Я выражаю пожелание, что я мог бы честно поговорить по поводу риска с Национальным научным фондом. Поскольку я уверен, что 90 процентов грантов, которые они выдают в мою область деятельности, пропадают впустую, когда это измеряется в соответствии с реальным стандартом: приводят ли эти гранты к прогрессу в науке, который бы не произошёл, если бы финансируемая персона не работала в этой области?
Как знает каждый хороший бизнесмен, имеется различие между стратегиями с низким риском/низкой отдачей и с высоким риском/высокой отдачей, возникающая из того факта, что вы составляете планы с различными целями в уме.
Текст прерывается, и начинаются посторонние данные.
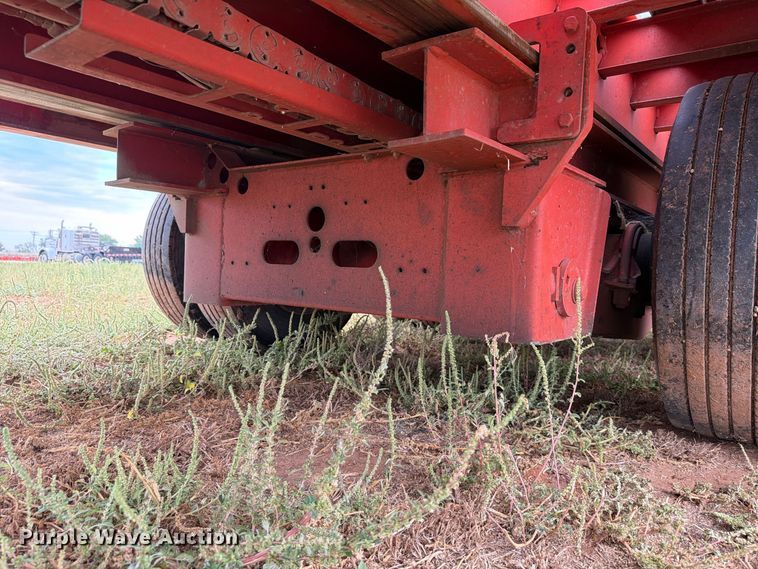 image for item EW8967 2022 Trail-Eze TE401 drop tilt deck equipment trailer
Когда вы хотите вложиться в авиаперевозки, или в автобусную систему или в производство мыла, вы хотите первого. Когда вы хотите развивать новые технологии, вы не можете преуспеть без второго.
Что я мог бы предложить университетским администраторам, это подумать в этих терминах. Они устанавливают критерии приглашения на работу, продвижения и назначения на должности, как если бы существовали только нормальные учёные. Нет ничего проще, чем просто немного изменить критерии, чтобы признать, что имеются и другие типы учёных с другими типами талантов. Вы хотите революции в науке? Делайте то, что делают бизнесмены, когда они хотят технологической революции: просто слегка измените правила. Пропустите несколько революционеров. Сделайте иерархию немного более плоской, чтобы дать молодым людям больше простора и свободы. Создайте некоторые благоприятные возможности для людей с высоким риском/высокой отдачей, чтобы сбалансировать гигантские инвестиции, которые вы делаете в низкорисковую, [экстенсивно] увеличивающуюся науку. Технологические компании и инвестиционные банки используют эту стратегию. Почему не попытаться сделать это в академии? В качестве отдачи будет открытие того, как работает вселенная.